%%

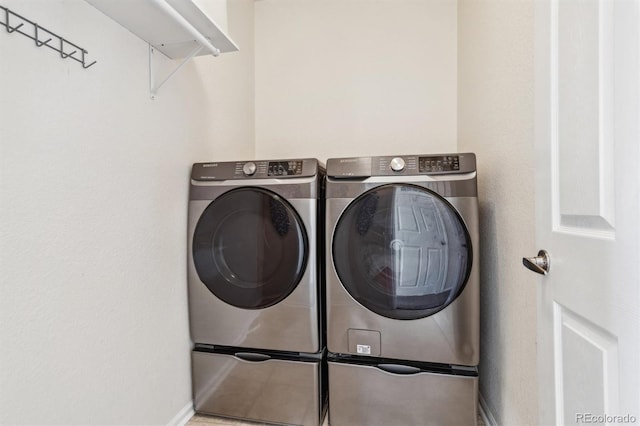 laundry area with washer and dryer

%%
%%

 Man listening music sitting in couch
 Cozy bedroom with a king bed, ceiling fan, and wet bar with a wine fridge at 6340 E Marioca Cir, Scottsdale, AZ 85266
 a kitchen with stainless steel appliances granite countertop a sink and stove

%%

### Exercise:
Take the lines above from the one containing "Cozy bedroom with" to the one containing "a kitchen with" and retype them exactly, both ends included, with nothing added.

### Answer box:
 Cozy bedroom with a king bed, ceiling fan, and wet bar with a wine fridge at 6340 E Marioca Cir, Scottsdale, AZ 85266
 a kitchen with stainless steel appliances granite countertop a sink and stove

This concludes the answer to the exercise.